The only inspiration she rises in me is to leave everything and go chasing after her, smacking her behind, pinching her sides, capturing her with arms around her soft, white stomach and wide shoulders, while she tries to run down dark hallways.
Then, like a muse, she appears on my shoulder; but she only rests there. Her mouth is silent, her kisses wet on my neck while watching movies, after making love, or what she prompts most: doing nothing, which beats doing anything with anyone else.
I wait for the whispering secret to an intrinsically amorous poem, or at least the guiding light to a decent short story. But she talks about celebrities or friends or newly acquired philosophies that she plans to implant on her everyday life, only to forget them tomorrow. And nothing breaks the white sea of my screen.
She positions herself as a muse, but inspires only time spent staring at the ceiling, or at our criss-crossed feet, as she tries to keep herself warm, her bones and veins pushing up against my hard soles.
Nothing's new, yet every time there's something different. Eight New Year's Eve kisses were shared, some by phone, some in long embraces. Personalities and interests were adopted and dropped, hairstyles patiently acquired and suddenly destroyed, bruises and family deaths endured, friends tip-toed in just to fly out of the country, likes and dislikes changed by the moment, and her tired face has still shown up on my shoulder, her lips raising the invisible hairs on my neck, her pale cheek pushed up by my structure, her face disfigured and still beautiful.
Sharing that mouth becomes the hardest thought. Her tongue danced in other mouths in sexual kisses when fights and time apart found us seeking other nests in which to learn, and the elated feeling of my discovering other gorgeous beings quickly diminished when word came that she was doing the same, even more.
But it never occurred to me that she didn't want to be mine, and she proved it, always ready to leave her new engagements and join me for a good time staring at the ceiling, fighting with our feet.
Our different cultures meshed and we are immersed in our own sub-world, a bubble, tiny but durable, where half words make sense, moans tell a story, and where spacing out with chipped paint and burnt light bulbs, my arm around her waist, hers around my neck, is an evening out.
We eat inventions in the kitchen, washing it down with gulps straight from the bottle. Shouts and curses entice wrestling matches she always wins, but where I also emerge with victory.
Then duty calls and certain nights are spent away. I drink with friends and talk to strippers while she dances with guys who try their best to dethrone me. Jealousy arrives and with it a new reason to bite and scratch each other, an incentive to mark our territory. But in both our faces it's discernible that someone else is waiting for us when we get out of the bar, the club, the party. That there is no need to go off with a skinny Russian immigrant or bulky frat boy into the sunset. That if we decided, we could flip them off and run to a cold bed and quickly warm it up together.

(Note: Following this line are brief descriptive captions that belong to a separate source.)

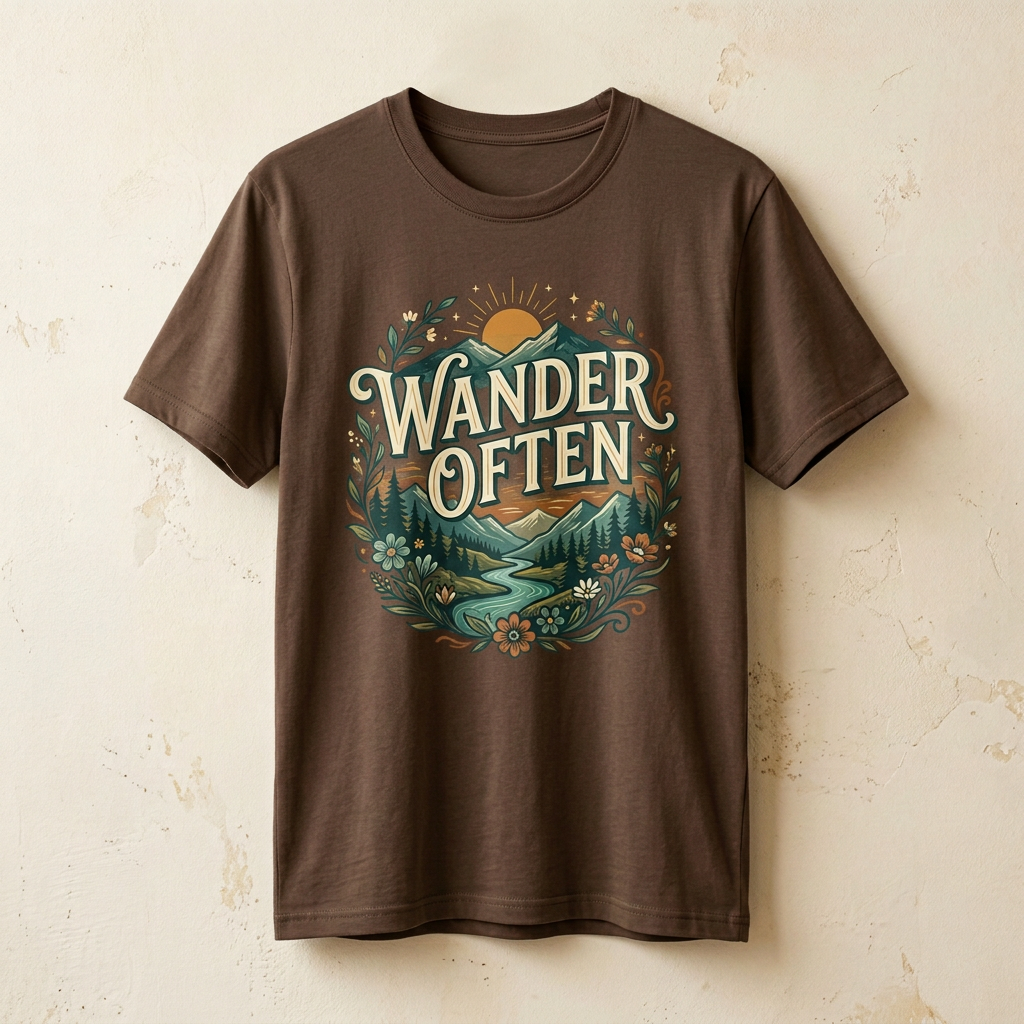 Wander Often Graphic Tee | Mountain Wanderlust T-Shirt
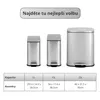 Vidacharmy 10L odpadkový koš s pedálem a víkem s pomalým Náhled obrázku produktu 3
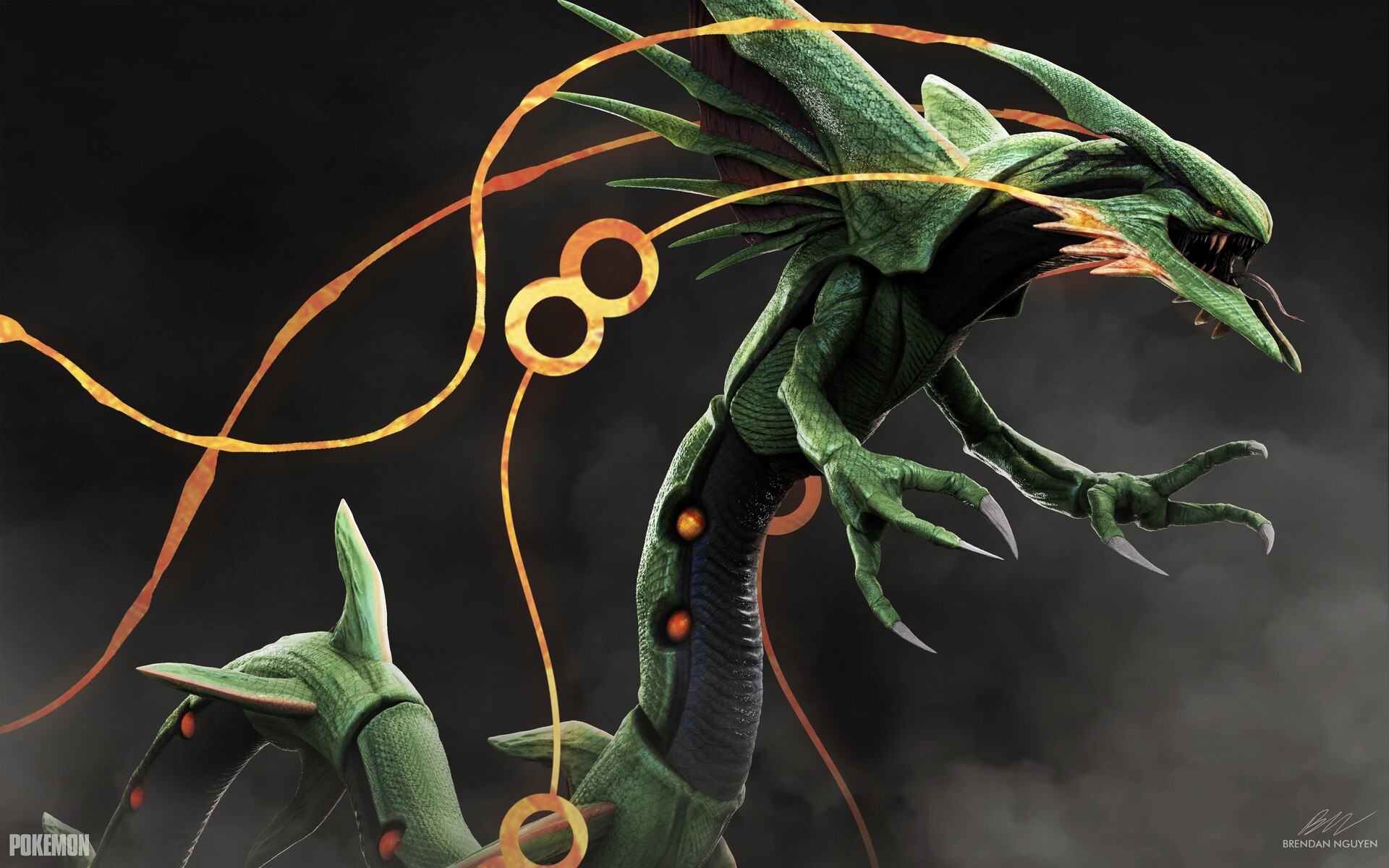 ArtStation - Mega Rayquaza fanart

No bitterness is present over the lack of creative inspiration with Jen. There are other fish in the sea and time away is still valued. Tensions and problems arise, but there is also the ironic opportunity to miss one another and strengthen the pull we have on the other. A quick peek into other paths that could have been, or that could be whenever so desired. Only to reinforce the confidence of the choice already made. So that when we see each other, I can just stare at the ceiling, while her face contorts softly on my body. And I'm flipping everyone off. She inspires love and little else.